15 Jun ¿El precio de la tranquilidad?
Todavía no hemos acabado la discusión con nuestros compañeros veedores, que son buenos tipos pero celosos de lo suyo, como debe ser; pero nosotros somos iguales, así que entre que se resuelve o no el pleito que tenemos, nos lanzamos a escribir este Oidor sobre una película.
Ese es el asunto: ellos no tienen claro de si es cosa nuestra comentarlo, al tratarse de una película. Pero ya veréis que sí.
Hablamos en realidad de dos películas, Un lugar tranquilo y su secuela Un lugar tranquilo 2, de 2018 y 2020. Ambas dirigidas por el actor-director John Krasinski y protagonizadas por él y por Emily Blunt. Quizá son lo que hasta hace poco se llamaría serie B, porque son muy de género, y movilizan medios evidentemente limitados, pero ese «evidentemente» no se refiere al resultado, que es de un acabado de serie A. La producción ha conseguido pulir cualquier aspereza pobretona, y además se ha conseguido en postproducción unos bichos-monstruos que ya los quisiera Spielberg para ET y otras. Sí, hay bichos: unos alienígenas llegan a la Tierra y, sin que nadie explique nada a nadie, y por lo tanto tampoco al espectador, se dedican a cargarse terráqueos. A ver si conseguimos cortarnos y no contamos lo que nos tememos que los compañeros veedores van a contar, y vamos a nuestro grano: los bichos malvados espaciales son ciegos, y localizan a sus víctimas, que son todo lo que se mueve y no sólo humanos, por el oído.
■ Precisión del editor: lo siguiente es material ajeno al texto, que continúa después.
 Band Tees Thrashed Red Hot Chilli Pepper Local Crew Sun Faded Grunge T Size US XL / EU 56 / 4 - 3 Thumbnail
Eso lo aprenden muy pronto los humanos, que no son muchos los que van quedando, y muy pronto la película nos sitúa al año y medio de la invasión, con las personas que quedan ya aprendidas y estudiadas, y haciendo su vida nueva y rara e intentando sobrevivir en silencio.
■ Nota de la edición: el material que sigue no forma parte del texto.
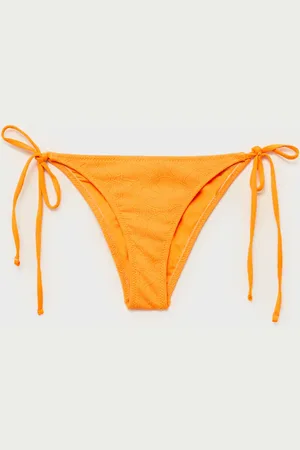 MANGO Dół od bikini z haftowanymi kwiatami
¡En silencio! la banda sonora es una obra de homenaje a los sonidos naturales. Estamos entre pequeñas granjas de los Apalaches. Dehesas y bosques, y campos de maíz, y prados, pero no animales, cobran de repente personalidad dramática, son personajes del drama y de la producción, y son todo lo que vamos a oír durante muchos segmentos de muchos minutos. Y el resultado es perfectamente comprensible, agradable, comunicativo, estético y hasta entretenido. ¡Qué miedo!, pueden verse obligados a gritar algunos de los ruidoadictos que nuestras escuelas y nuestras calles y nuestros bares fabrican cada día. Yo no veo una película de silencios. Como siempre decimos: allá ellos. Porque las películas son de terror. De hecho, de mucho más terror por ese silencio que por los bicharracos agresivos.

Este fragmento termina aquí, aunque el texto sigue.